Indonesian Political, Business & Finance News

Habibie's toy boys?

| Source: JP

Habibie's toy boys?

Will Gen. Wiranto's questionable plan to deputize 70,000
civilians to join Indonesia's security faction have the effect of
ensuring greater law and order throughout Indonesia? Not if the
crop of new recruits turns out to be like their older brothers.
Armed Forces (ABRI) soldiers and police, those at the junior
level who are on duty on the streets, can be very affable when
meeting the public. But they seem to function largely without
supervision and discipline when they are on duty. How can adding
another 70,000 undisciplined and improperly supervised, virtually
untrained young men to the streets possibly help the situation?
Examples: Discipline? Last May 20 when I moved around Medan to
see the street situation for myself, young soldiers were more
than happy to chat with me and even to open their rifles to show
me what type of bullets they were using, when I asked out of
curiosity. I have been in a place of business in Medan when ABRI
troops entered and asked the owners for cigarettes and drinks.
(Would anyone care to put odds on how many of Medan's Chinese-
Indonesian businesspeople feel free to decline these improper
requests?) Asking security personnel, police or military, to
respond to public lawlessness or crimes-in-process is a study in
ignorance of official procedure? Lack of initiative? Cowardice?
Recently when I approached on-duty ABRI soldiers at a Medan
shopping plaza for assistance after I was stabbed in an attempted
mugging, they were too busy smoking to bother about calling the
police. Lounging and smoking often seem to be the most compelling
activities of soldiers on patrol, even of those assigned to the
most public centers of activity such as Jakarta's Jl. Thamrin-
Sudirman-Diponegoro triangle. There is no doubt a cadre of very
disciplined military at some level. But who are instilling the
discipline and sense of commitment in the young ABRI members
whose proper performance of duty and sense of national pride is
so needed? Maybe if Indonesia's mid-level military commanders
spent more time training and supervising their subordinates, and
less time sitting on civilian councils and the like, they would
have more time for ordinary troop supervision?

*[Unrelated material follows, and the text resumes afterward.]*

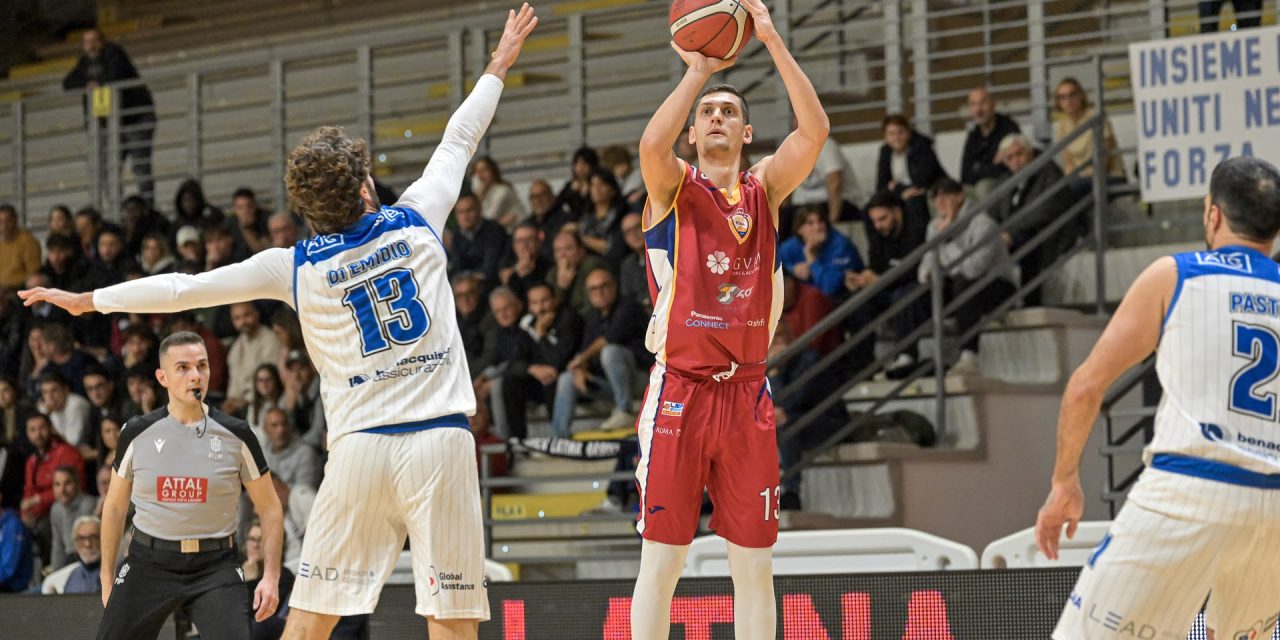 FOCUS BM/ Serie B Emoticon – Girone B: Continuano a volare Virtus Roma 1960 e Pielle Livorno. Altro passo falso per la Luiss Roma, cadono anche JuveCaserta e Latina – di Valerio Laurenti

Isn't it a little bit of an insult to professional police and
military, to suggest that out-of-work youths from the provinces
can be integrated into the security forces so effortlessly?
Indonesia, having a large population of unemployed, sometimes
seems to throw people at problems as a problem-solving technique.
Those proposing this solution of throwing a new group of amateur
civilians at the problem of public lawlessness should be required
to explain their operative assumptions and objectives more
explicitly and rationally. Surely Gen. Wiranto is too smart to
react in such a knee-jerk fashion to such a serious problem.